What is needed: The lines below, from the one containing "Вопросы на закрепление 1 2 3 4 5 6" through the one containing "Women Grey Floral Fit and Flare Dress", should be set down exactly, with no pictures and nothing else.

Data for review:
▽
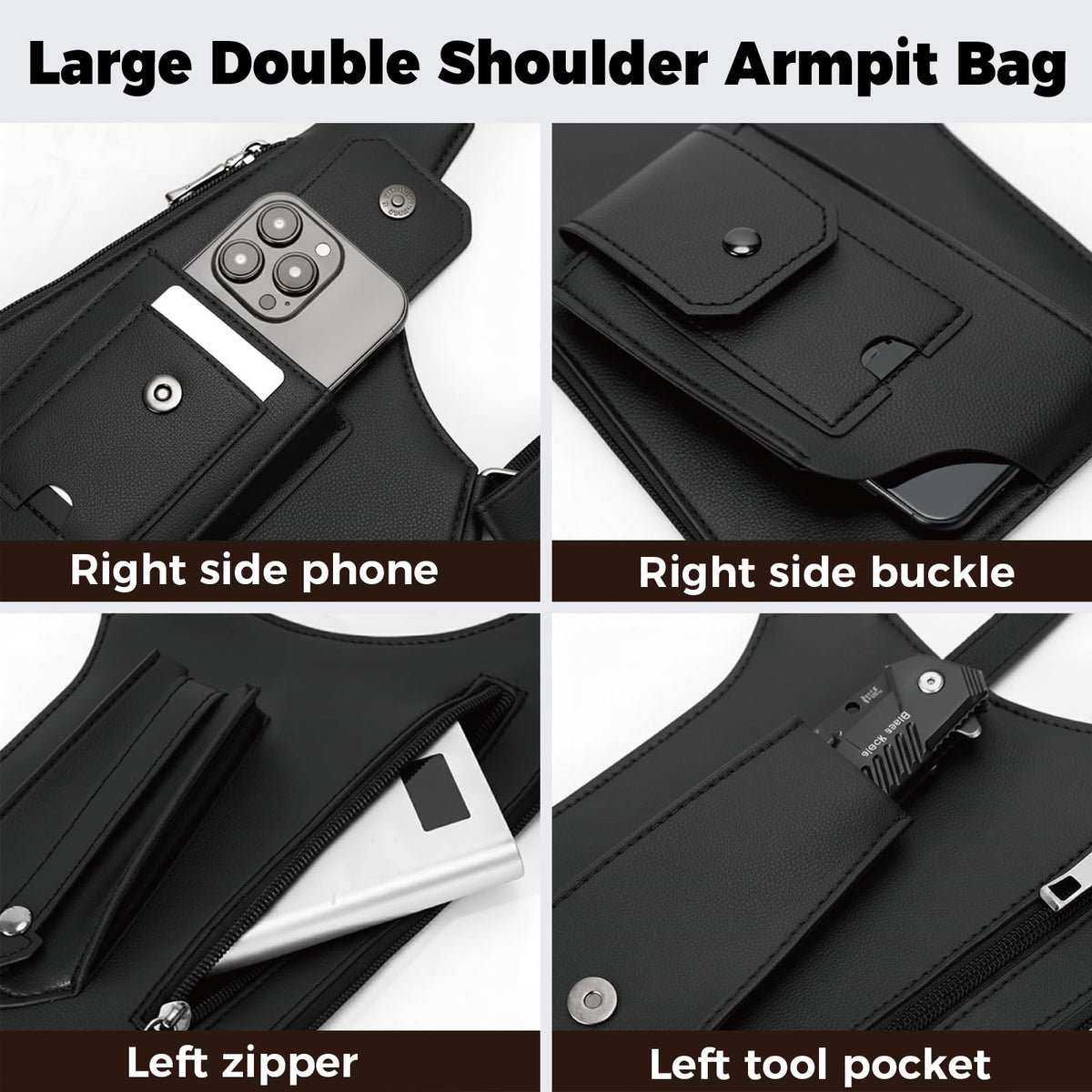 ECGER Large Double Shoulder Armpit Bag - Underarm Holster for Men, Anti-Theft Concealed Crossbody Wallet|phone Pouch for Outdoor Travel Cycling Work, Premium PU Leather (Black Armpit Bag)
△
▽
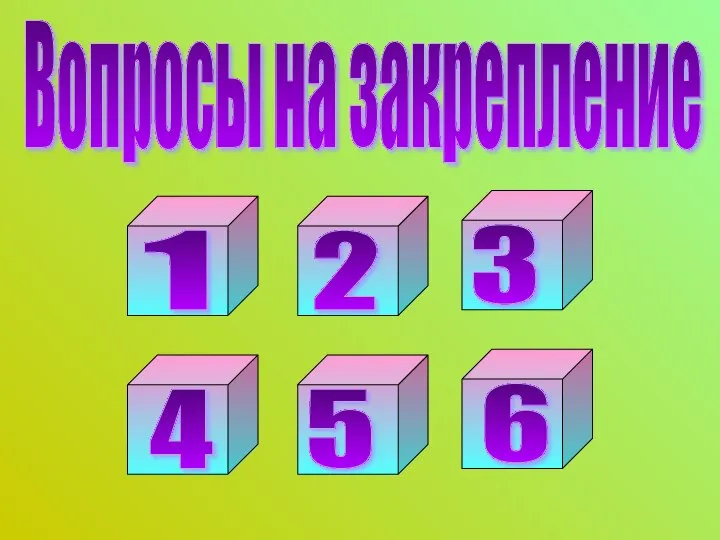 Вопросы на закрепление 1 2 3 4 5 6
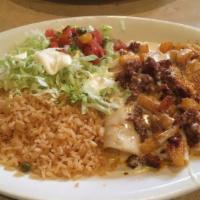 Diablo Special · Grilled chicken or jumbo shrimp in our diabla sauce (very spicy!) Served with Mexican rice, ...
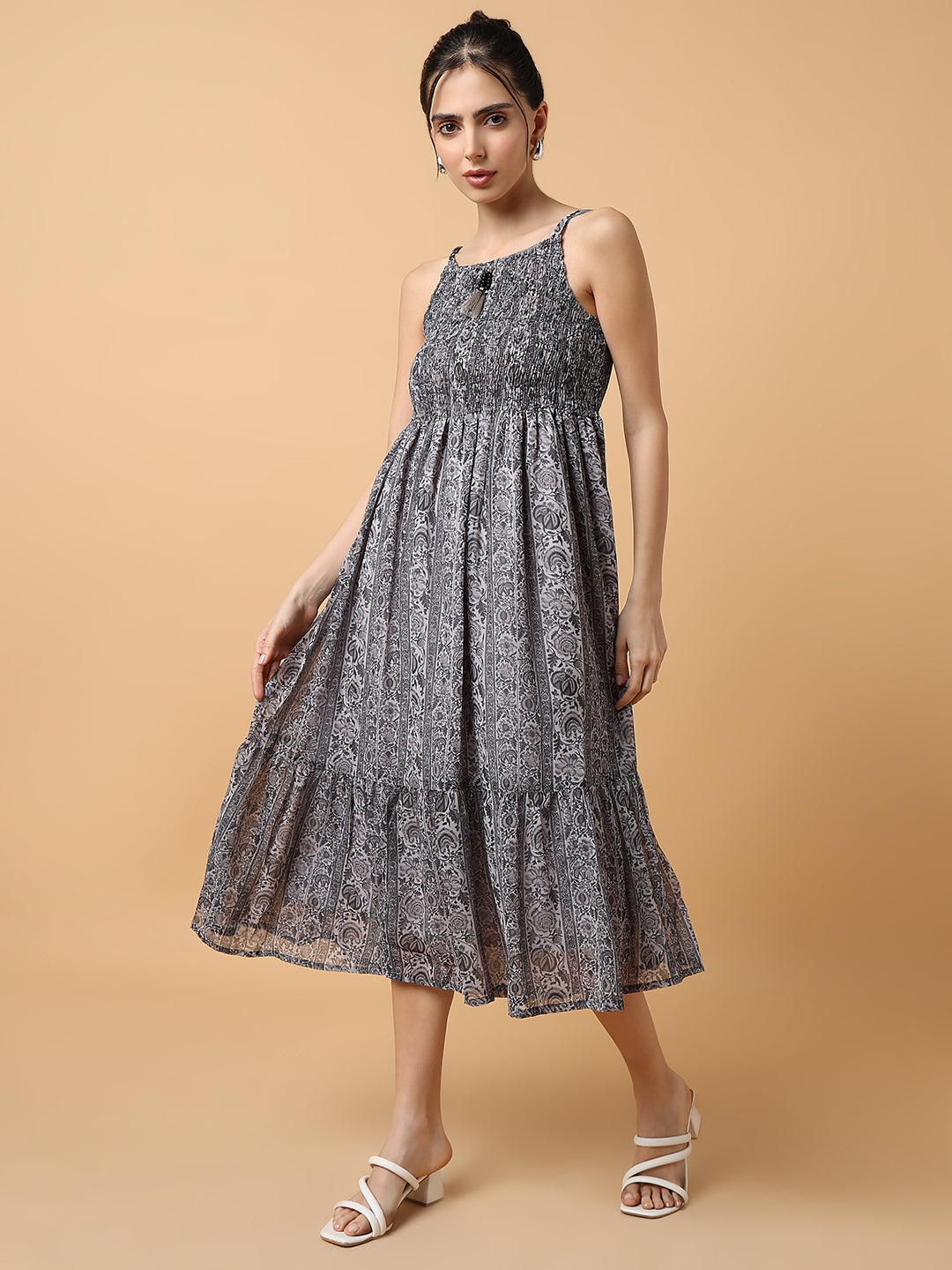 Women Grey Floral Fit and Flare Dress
△
▽
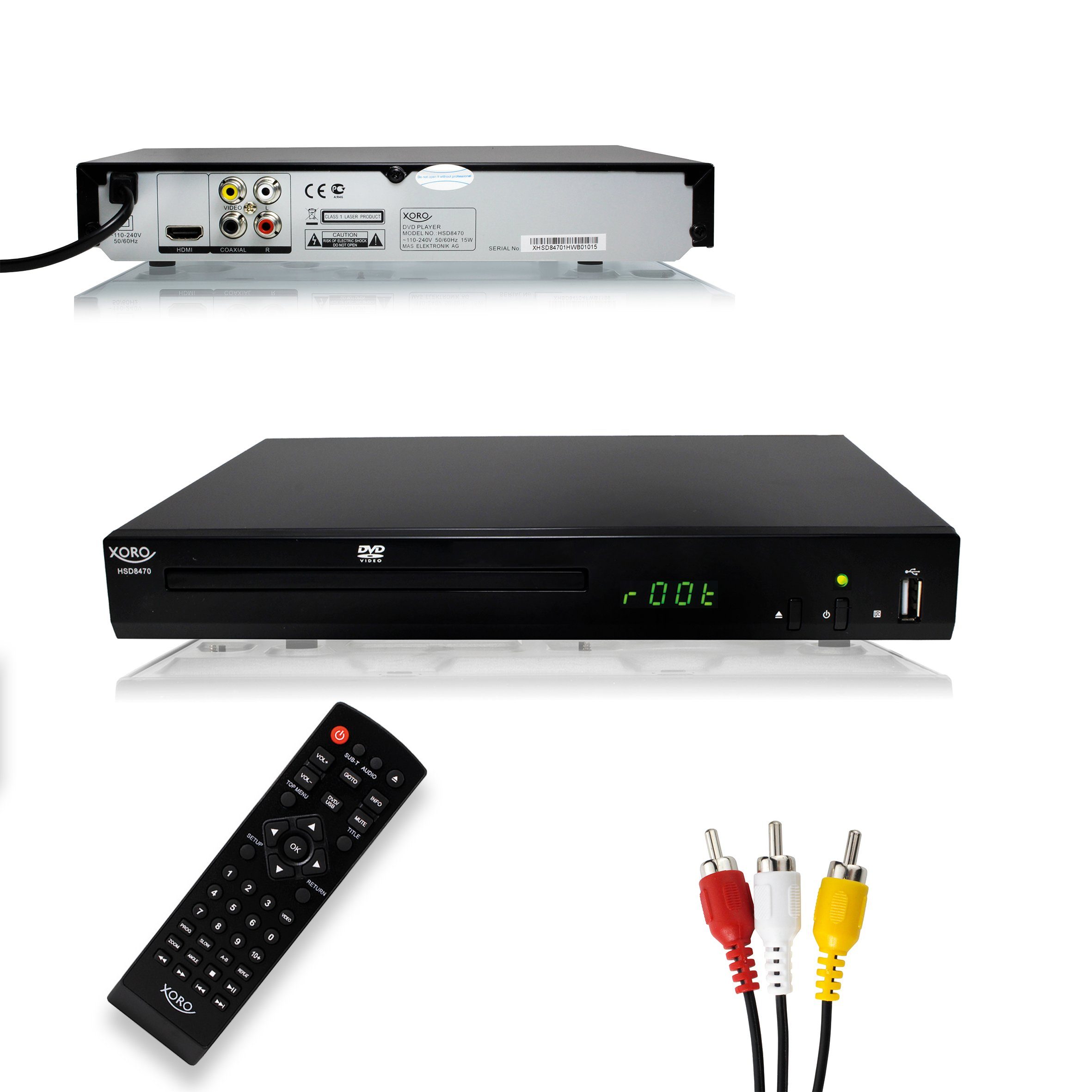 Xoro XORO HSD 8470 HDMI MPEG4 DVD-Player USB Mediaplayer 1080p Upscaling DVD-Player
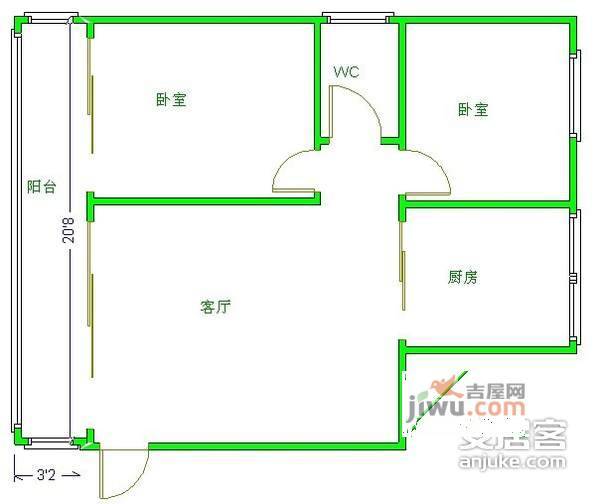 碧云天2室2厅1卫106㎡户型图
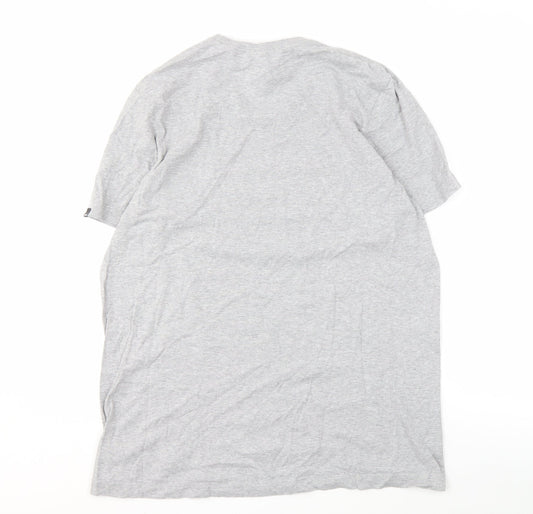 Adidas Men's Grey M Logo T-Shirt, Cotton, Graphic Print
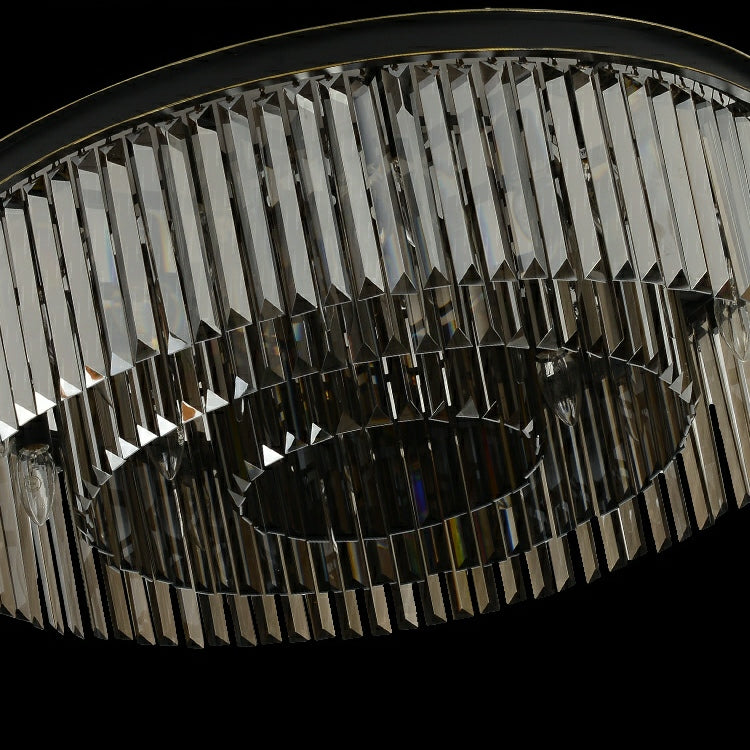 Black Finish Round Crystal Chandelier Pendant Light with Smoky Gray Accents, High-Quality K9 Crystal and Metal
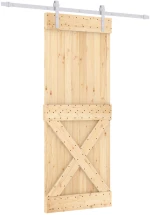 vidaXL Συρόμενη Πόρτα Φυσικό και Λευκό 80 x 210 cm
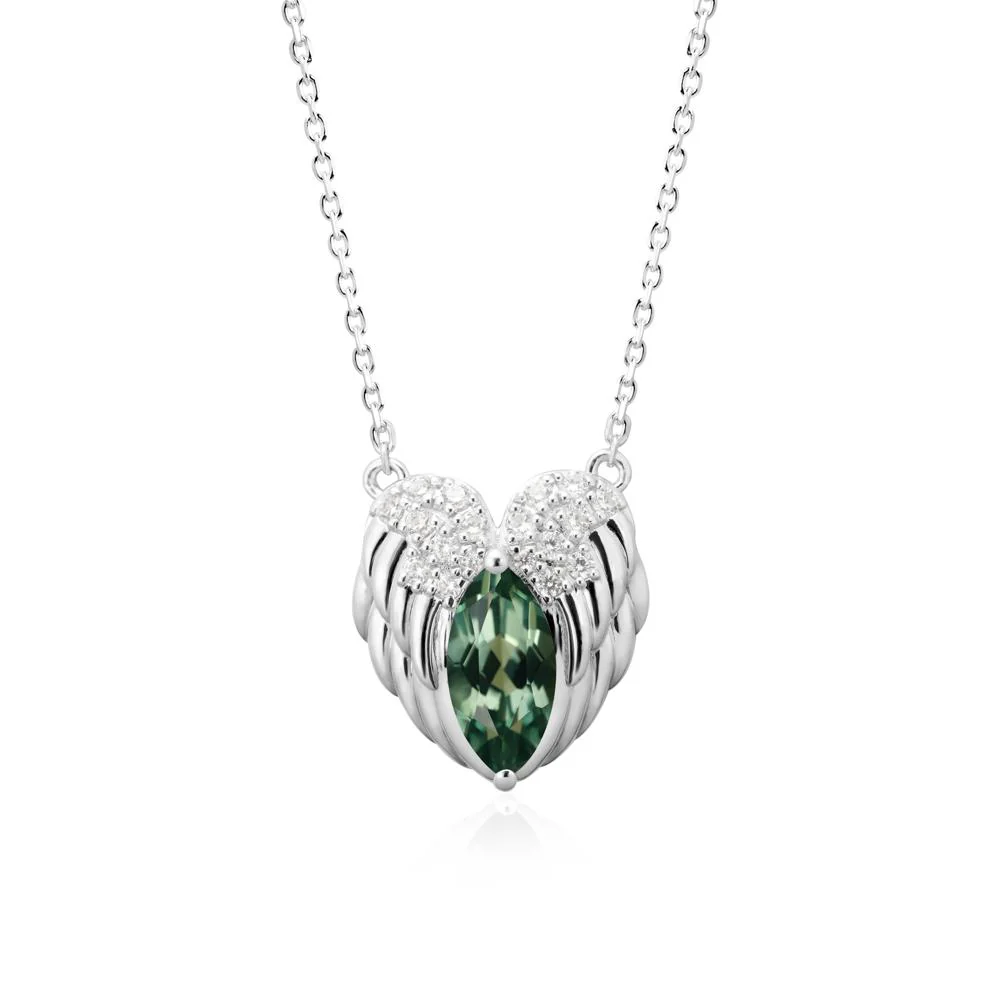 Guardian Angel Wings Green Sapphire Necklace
△
Task solution:
 Вопросы на закрепление 1 2 3 4 5 6
 Diablo Special · Grilled chicken or jumbo shrimp in our diabla sauce (very spicy!) Served with Mexican rice, ...
 Women Grey Floral Fit and Flare Dress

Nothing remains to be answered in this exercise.